注意点として、バックアップコードは一度使用するとそのコードは使えなくなります。復旧後は必ず新しいコードを発行し、大切に保管してください。
認証アプリの再設定手順(QRコード再発行)
バックアップコードがなくても、認証アプリがまだ別の端末で動作している場合や、認証アプリを再インストールできる場合は、QRコードを再発行することで復旧できます。以下の手順に従ってください。
認証アプリがまだ使える場合
- 現在利用可能な認証アプリ(スマホなど)を使って、Dropboxにログインします。通常の認証コードを入力できる状態であれば、ログイン後すぐに設定を変更できます。
- セキュリティ設定(https://www.dropbox.com/account/security)に移動し、「二段階認証を編集」をクリックします。
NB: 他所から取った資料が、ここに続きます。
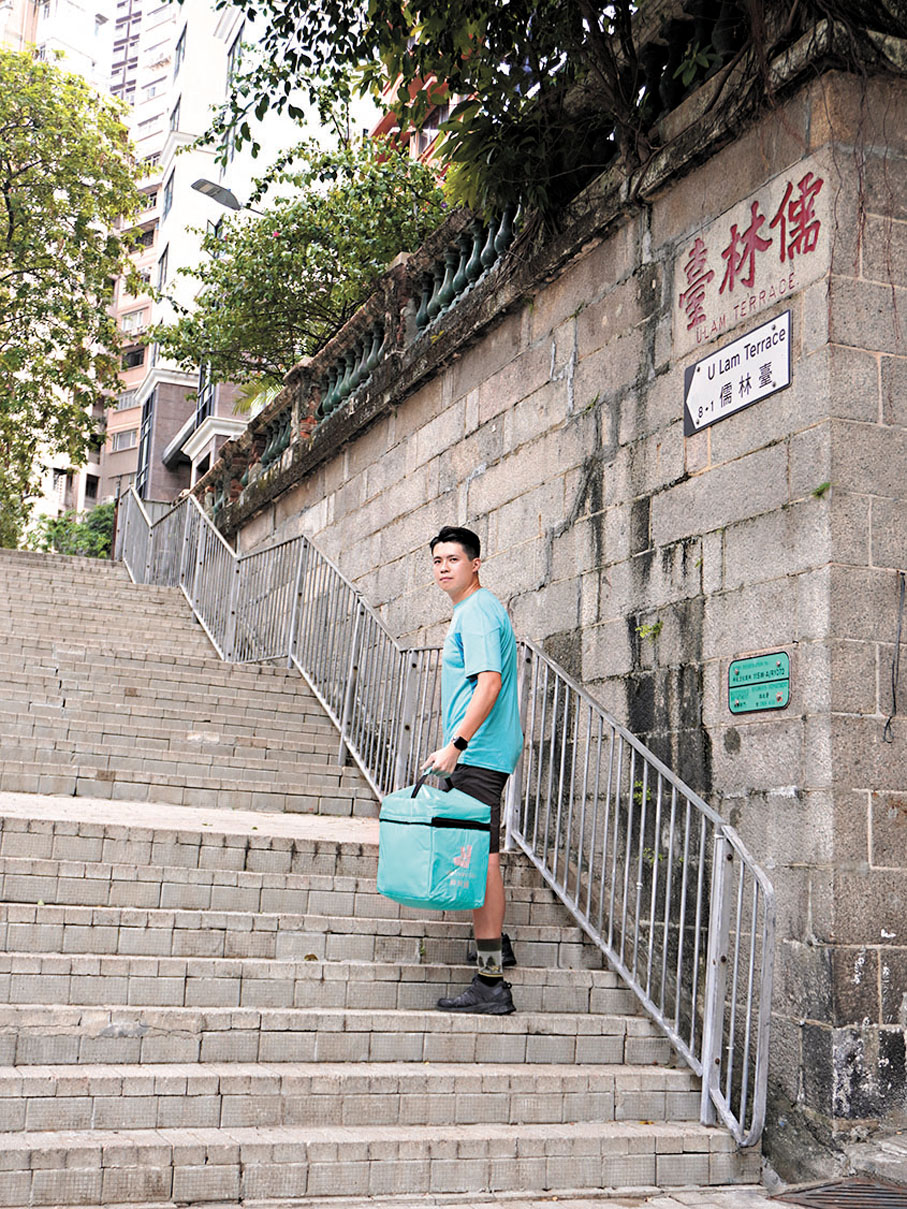 ◆儒林臺的樓梯Hero走過很多次。   張岳悅 攝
- 「認証アプリを変更」または「新しい認証アプリを追加」を選択します。
- 画面に表示されるQRコードを、新しい端末の認証アプリでスキャンします。古い端末のデータは無効になります。
- 認証アプリに表示された6桁のコードを入力して完了です。
認証アプリを再インストールした場合(全端末で使えない)
認証アプリをアンインストールしてしまい、どの端末でもコードを生成できない場合は、バックアップコードがなければログインできません。その場合は、下記の管理者による復旧か、Dropboxサポートへの問い合わせが必要です。ただし、認証アプリの中にはクラウドバックアップに対応しているものもあります(例:Google Authenticatorのアカウント同期)。該当する場合は、バックアップから復元できる可能性があります。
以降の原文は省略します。